KCC is guided by the principals of Applied Behaviour Analysis (ABA) and follows a comprehensive service delivery model that is evidence based and adheres to established rehabilitative guidelines. The service delivery model also emphasizes learning in natural daily living activities. KCC follows the philosophy of Pivotal Response Treatment (PRT) for working with individuals who are on the Autism Spectrum. PRT is one of the 11 evidence-based practice guidelines for autism spectrum disorders by the National Autism Center.
Does KCC provide in-services or presentations?
KCC provides custom-designed presentations for a variety of community organizations, schools, workplaces and presented at conferences. In addition, KCC provides ongoing training for in home support workers (aides) on a regular basis. For a sample list of topics, please visit our “Services” page.
Do you provide services for individuals who do not require an entire team approach?
KCC clinicians offer assessment and treatment for individuals who require the following professionals independent of the team:
What Is Play Therapy?
In the past several years, Play Therapy has been accepted and acknowledged as an important and valued approach for working with children with emotional or behavioural difficulties.
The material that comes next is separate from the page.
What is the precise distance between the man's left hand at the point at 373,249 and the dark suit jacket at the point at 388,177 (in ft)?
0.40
Play Therapy is beneficial to a child who is experiencing difficulties in the home, school or community. It is a therapeutic approach for human service professionals and as stated by Virginia Axline, "provides an opportunity for the child to 'play out' his or her feelings and problems just as, in certain adult therapy, an individual 'talks out' his or her difficulties". A child's self-understanding is one of the goals in this approach. Play Therapy can be used either as a primary or adjunct therapy in settings such as , Children's Services, Community Agencies, Psychiatric Centers, Children's Hospitals, Schools, and Women's Shelters. Play Therapists work with children individually, with their families and in group settings. (Retrieved February 25, 2013, from http://www.cacpt.com).
What is Sandplay Therapy?
Sandplay therapy is a recognized therapeutic modality for both children and adults, based on the psychology of C.G. Jung and developed by the Swiss psychotherapist and teacher Dora Kalff.
Sandplay therapy establishes a safe and protected space, where the complexities of the inner world are explored and integrated into the psyche for emotional healing. Clients place miniature figurines in a small sandbox to express confusing feelings and inner experiences. This creates a visual representation of the psyche’s contents and reveals unconscious concerns that are inaccessible any other way. As materials contained in the unconscious emerges visually and symbolically, it is integrated into a person’s sense of self and can be activated to elicit behavioral change.
Research evidence from a number of studies suggest that the use of sandplay has been successfully used with a range of disorders and a variety of situations among children and adults, including adjustment disorders, affective disorders, eating disorder and abuse. Moreover, the use of sandplay allows the individual an opportunity to be in control, to problem solve, regulate emotions, and master the skills of containing emotional and psychological energy.
What is Solution Focused Therapy?
As the name suggests, SFBT is future-focused, goal-directed, and focuses on solutions, rather than on the problems that brought clients to seek therapy.
It is described as a practical, goal-driven model, a hallmark of SFBT is its emphasis on clear, concise, realistic goal negotiations. The SFBT approach assumes that all clients have some knowledge of what would make their life better, even though they may need some (at times, considerable) help describing the details of their better life and that everyone who seeks help already possesses at least the minimal skills necessary to create solutions.